Grader Variability and the Importance of Reference Standards for Evaluating Machine Learning Models for Diabetic Retinopathy,Ophthalmology

当前位置： X-MOL 学术 › Ophthalmology › 论文详情

Our official English website, www.x-mol.net, welcomes your feedback! (Note: you will need to create a separate account there.)

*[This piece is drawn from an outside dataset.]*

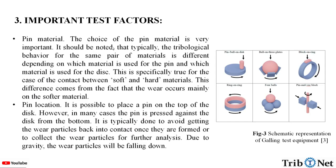What are the other factors? Pin material: the choice of pin material is very important. It should be noted that the tribological behavior of the same pair of materials differs depending on which material is used for the pin and which is used for the disc. This is specifically true for contact between soft and hard materials, as wear occurs mainly on the softer material.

Grader Variability and the Importance of Reference Standards for Evaluating Machine Learning Models for Diabetic Retinopathy
Ophthalmology ( IF 13.1 ) Pub Date : 2018-03-13 , DOI: 10.1016/j.ophtha.2018.01.034
Jonathan Krause , Varun Gulshan , Ehsan Rahimy , Peter Karth , Kasumi Widner , Greg S. Corrado , Lily Peng , Dale R. Webster

Purpose

Use adjudication to quantify errors in diabetic retinopathy (DR) grading based on individual graders and majority decision, and to train an improved automated algorithm for DR grading.

Design

Retrospective analysis.

Participants

Retinal fundus images from DR screening programs.

Methods

Images were each graded by the algorithm, U.S. board-certified ophthalmologists, and retinal specialists. The adjudicated consensus of the retinal specialists served as the reference standard.

Main Outcome Measures

For agreement between different graders as well as between the graders and the algorithm, we measured the (quadratic-weighted) kappa score. To compare the performance of different forms of manual grading and the algorithm for various DR severity cutoffs (e.g., mild or worse DR, moderate or worse DR), we measured area under the curve (AUC), sensitivity, and specificity.

Results

Of the 193 discrepancies between adjudication by retinal specialists and majority decision of ophthalmologists, the most common were missing microaneurysm (MAs) (36%), artifacts (20%), and misclassified hemorrhages (16%). Relative to the reference standard, the kappa for individual retinal specialists, ophthalmologists, and algorithm ranged from 0.82 to 0.91, 0.80 to 0.84, and 0.84, respectively. For moderate or worse DR, the majority decision of ophthalmologists had a sensitivity of 0.838 and specificity of 0.981. The algorithm had a sensitivity of 0.971, specificity of 0.923, and AUC of 0.986. For mild or worse DR, the algorithm had a sensitivity of 0.970, specificity of 0.917, and AUC of 0.986. By using a small number of adjudicated consensus grades as a tuning dataset and higher-resolution images as input, the algorithm improved in AUC from 0.934 to 0.986 for moderate or worse DR.

Conclusions

Adjudication reduces the errors in DR grading. A small set of adjudicated DR grades allows substantial improvements in algorithm performance. The resulting algorithm's performance was on par with that of individual U.S. Board-Certified ophthalmologists and retinal specialists.

中文翻译：

平地机变异性和评估糖尿病性视网膜病机器学习模型的参考标准的重要性

目的

使用裁决基于个体评分者和多数决策来量化糖尿病性视网膜病变（DR）评分中的错误，并训练用于DR评分的改进的自动化算法。

设计

回顾性分析。

参加者

来自DR筛查程序的视网膜眼底图像。

方法

图像分别由算法，美国董事会认证的眼科医生和视网膜专家进行分级。视网膜专家的裁决共识作为参考标准。

主要观察指标

为了使不同的评分者之间以及评分者和算法之间达成一致，我们测量了（二次加权）kappa得分。为了比较不同形式的手动分级的性能以及各种DR严重程度临界值（例如，轻度或较差DR，中度或较差DR）的性能，我们测量了曲线下面积（AUC），敏感性和特异性。

结果

在视网膜专家的裁决与眼科医生的多数决定之间的193个差异中，最常见的是缺少微动脉瘤（MAs）（36％），伪影（20％）和错误分类的出血（16％）。相对于参考标准，单个视网膜专家，眼科医生和算法的kappa值分别为0.82至0.91、0.80至0.84和0.84。对于中度或更严重的DR，眼科医生的多数决定具有0.838的敏感性和0.981的特异性。该算法的灵敏度为0.971，特异性为0.923，AUC为0.986。对于轻度或重度DR，该算法的灵敏度为0.970，特异性为0.917，AUC为0.986。通过使用少量裁定的共识等级作为调整数据集并使用更高分辨率的图像作为输入，该算法在AUC中从0进行了改进。